## Record excerpts
________________________

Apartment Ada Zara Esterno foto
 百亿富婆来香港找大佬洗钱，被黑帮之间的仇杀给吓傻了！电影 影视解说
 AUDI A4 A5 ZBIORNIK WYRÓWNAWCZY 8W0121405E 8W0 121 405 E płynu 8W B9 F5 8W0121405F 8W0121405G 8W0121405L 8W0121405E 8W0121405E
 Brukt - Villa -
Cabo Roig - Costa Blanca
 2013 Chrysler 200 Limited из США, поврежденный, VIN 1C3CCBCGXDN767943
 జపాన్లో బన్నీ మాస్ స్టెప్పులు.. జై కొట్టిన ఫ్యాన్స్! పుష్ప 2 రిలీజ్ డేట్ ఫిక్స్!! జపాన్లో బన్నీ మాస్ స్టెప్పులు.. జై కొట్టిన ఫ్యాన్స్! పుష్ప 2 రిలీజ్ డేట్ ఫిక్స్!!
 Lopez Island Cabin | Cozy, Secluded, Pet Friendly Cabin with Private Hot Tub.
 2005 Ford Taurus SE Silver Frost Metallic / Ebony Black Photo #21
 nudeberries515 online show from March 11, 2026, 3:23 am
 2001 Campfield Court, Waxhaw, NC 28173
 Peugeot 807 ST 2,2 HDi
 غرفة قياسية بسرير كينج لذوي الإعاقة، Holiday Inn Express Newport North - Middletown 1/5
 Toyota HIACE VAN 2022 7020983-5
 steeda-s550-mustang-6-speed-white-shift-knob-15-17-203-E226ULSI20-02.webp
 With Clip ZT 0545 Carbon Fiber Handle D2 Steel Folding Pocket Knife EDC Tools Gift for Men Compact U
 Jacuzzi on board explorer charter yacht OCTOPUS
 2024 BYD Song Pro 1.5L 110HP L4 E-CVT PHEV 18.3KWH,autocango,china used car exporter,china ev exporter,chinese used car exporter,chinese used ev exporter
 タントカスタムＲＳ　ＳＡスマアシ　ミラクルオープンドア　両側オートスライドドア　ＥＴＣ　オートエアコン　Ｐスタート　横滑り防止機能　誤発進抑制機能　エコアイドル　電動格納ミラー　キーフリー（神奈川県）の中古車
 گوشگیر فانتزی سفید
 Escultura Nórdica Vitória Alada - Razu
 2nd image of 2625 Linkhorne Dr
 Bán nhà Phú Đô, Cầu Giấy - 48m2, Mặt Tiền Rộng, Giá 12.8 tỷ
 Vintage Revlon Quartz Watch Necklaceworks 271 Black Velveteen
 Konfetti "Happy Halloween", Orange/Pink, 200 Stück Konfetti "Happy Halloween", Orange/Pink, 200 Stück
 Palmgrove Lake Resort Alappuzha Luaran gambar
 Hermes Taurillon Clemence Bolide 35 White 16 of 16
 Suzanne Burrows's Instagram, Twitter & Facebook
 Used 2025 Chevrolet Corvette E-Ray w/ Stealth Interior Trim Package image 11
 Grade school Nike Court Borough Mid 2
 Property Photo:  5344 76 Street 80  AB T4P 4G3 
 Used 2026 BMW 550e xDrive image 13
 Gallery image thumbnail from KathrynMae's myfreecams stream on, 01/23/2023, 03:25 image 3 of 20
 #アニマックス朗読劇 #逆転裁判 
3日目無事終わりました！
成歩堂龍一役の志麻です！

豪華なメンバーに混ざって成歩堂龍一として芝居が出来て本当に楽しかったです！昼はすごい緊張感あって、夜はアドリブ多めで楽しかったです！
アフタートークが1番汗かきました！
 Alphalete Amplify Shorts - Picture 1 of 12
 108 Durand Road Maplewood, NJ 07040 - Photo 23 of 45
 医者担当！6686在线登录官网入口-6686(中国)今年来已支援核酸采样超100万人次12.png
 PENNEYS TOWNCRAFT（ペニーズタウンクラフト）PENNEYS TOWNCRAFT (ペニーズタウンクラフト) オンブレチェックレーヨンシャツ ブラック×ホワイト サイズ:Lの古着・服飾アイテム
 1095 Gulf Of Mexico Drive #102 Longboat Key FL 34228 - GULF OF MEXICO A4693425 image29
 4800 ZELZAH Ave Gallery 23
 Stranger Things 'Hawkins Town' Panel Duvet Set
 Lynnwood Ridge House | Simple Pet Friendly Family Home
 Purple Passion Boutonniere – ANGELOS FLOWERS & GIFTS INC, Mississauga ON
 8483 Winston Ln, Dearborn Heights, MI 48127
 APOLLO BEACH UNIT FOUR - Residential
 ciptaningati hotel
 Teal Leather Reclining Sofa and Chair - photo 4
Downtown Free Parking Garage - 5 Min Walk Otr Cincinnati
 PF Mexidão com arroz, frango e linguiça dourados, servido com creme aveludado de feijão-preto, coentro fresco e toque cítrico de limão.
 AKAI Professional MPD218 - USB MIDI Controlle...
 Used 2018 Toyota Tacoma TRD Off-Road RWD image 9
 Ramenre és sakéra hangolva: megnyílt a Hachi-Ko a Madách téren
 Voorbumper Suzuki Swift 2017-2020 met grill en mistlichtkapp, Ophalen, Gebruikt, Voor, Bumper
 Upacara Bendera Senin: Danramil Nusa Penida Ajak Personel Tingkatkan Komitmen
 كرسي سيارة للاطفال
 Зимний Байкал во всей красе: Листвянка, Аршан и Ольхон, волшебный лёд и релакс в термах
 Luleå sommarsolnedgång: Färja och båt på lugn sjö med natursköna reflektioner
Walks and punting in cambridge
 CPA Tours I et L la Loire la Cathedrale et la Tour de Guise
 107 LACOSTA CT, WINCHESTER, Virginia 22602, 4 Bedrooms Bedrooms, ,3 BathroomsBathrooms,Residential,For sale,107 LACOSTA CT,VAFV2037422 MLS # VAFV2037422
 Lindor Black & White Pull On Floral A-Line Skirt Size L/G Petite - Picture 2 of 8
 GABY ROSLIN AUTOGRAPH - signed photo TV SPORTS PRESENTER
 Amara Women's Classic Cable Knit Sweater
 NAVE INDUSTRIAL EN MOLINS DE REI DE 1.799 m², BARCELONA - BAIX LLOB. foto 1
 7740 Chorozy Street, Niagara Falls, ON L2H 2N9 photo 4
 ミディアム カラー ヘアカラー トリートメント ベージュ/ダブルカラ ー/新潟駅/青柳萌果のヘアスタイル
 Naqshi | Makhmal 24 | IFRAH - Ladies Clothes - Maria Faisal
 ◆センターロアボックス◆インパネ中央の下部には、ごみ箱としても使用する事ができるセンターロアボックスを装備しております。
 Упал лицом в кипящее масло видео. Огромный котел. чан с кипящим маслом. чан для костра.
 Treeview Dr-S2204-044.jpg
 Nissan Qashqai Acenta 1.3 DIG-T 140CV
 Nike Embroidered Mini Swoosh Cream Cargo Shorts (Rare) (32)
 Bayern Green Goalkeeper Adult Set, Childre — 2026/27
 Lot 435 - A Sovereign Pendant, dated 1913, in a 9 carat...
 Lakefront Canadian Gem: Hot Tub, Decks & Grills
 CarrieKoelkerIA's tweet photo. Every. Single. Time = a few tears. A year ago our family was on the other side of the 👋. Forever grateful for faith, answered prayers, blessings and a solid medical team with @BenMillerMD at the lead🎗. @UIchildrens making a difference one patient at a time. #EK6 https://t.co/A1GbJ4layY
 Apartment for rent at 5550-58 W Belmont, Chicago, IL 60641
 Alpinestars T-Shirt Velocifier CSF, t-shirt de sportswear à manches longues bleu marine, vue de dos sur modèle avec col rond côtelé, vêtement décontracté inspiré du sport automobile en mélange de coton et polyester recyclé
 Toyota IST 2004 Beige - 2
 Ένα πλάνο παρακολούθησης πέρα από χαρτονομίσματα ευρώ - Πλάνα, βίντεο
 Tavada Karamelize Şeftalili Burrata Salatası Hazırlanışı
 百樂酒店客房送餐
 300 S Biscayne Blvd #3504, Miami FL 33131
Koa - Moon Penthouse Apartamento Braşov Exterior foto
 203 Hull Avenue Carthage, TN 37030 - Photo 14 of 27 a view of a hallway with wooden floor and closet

________________________

## Exercise instructions
As the answer, set down only the lines from the data above between the one holding "Palmgrove Lake Resort" and the one holding "Downtown Free Parking", inclusive, exactly as they read.

## Exercise response
 Palmgrove Lake Resort Alappuzha Luaran gambar
 Hermes Taurillon Clemence Bolide 35 White 16 of 16
 Suzanne Burrows's Instagram, Twitter & Facebook
 Used 2025 Chevrolet Corvette E-Ray w/ Stealth Interior Trim Package image 11
 Grade school Nike Court Borough Mid 2
 Property Photo:  5344 76 Street 80  AB T4P 4G3 
 Used 2026 BMW 550e xDrive image 13
 Gallery image thumbnail from KathrynMae's myfreecams stream on, 01/23/2023, 03:25 image 3 of 20
 #アニマックス朗読劇 #逆転裁判 
3日目無事終わりました！
成歩堂龍一役の志麻です！

豪華なメンバーに混ざって成歩堂龍一として芝居が出来て本当に楽しかったです！昼はすごい緊張感あって、夜はアドリブ多めで楽しかったです！
アフタートークが1番汗かきました！
 Alphalete Amplify Shorts - Picture 1 of 12
 108 Durand Road Maplewood, NJ 07040 - Photo 23 of 45
 医者担当！6686在线登录官网入口-6686(中国)今年来已支援核酸采样超100万人次12.png
 PENNEYS TOWNCRAFT（ペニーズタウンクラフト）PENNEYS TOWNCRAFT (ペニーズタウンクラフト) オンブレチェックレーヨンシャツ ブラック×ホワイト サイズ:Lの古着・服飾アイテム
 1095 Gulf Of Mexico Drive #102 Longboat Key FL 34228 - GULF OF MEXICO A4693425 image29
 4800 ZELZAH Ave Gallery 23
 Stranger Things 'Hawkins Town' Panel Duvet Set
 Lynnwood Ridge House | Simple Pet Friendly Family Home
 Purple Passion Boutonniere – ANGELOS FLOWERS & GIFTS INC, Mississauga ON
 8483 Winston Ln, Dearborn Heights, MI 48127
 APOLLO BEACH UNIT FOUR - Residential
 ciptaningati hotel
 Teal Leather Reclining Sofa and Chair - photo 4
Downtown Free Parking Garage - 5 Min Walk Otr Cincinnati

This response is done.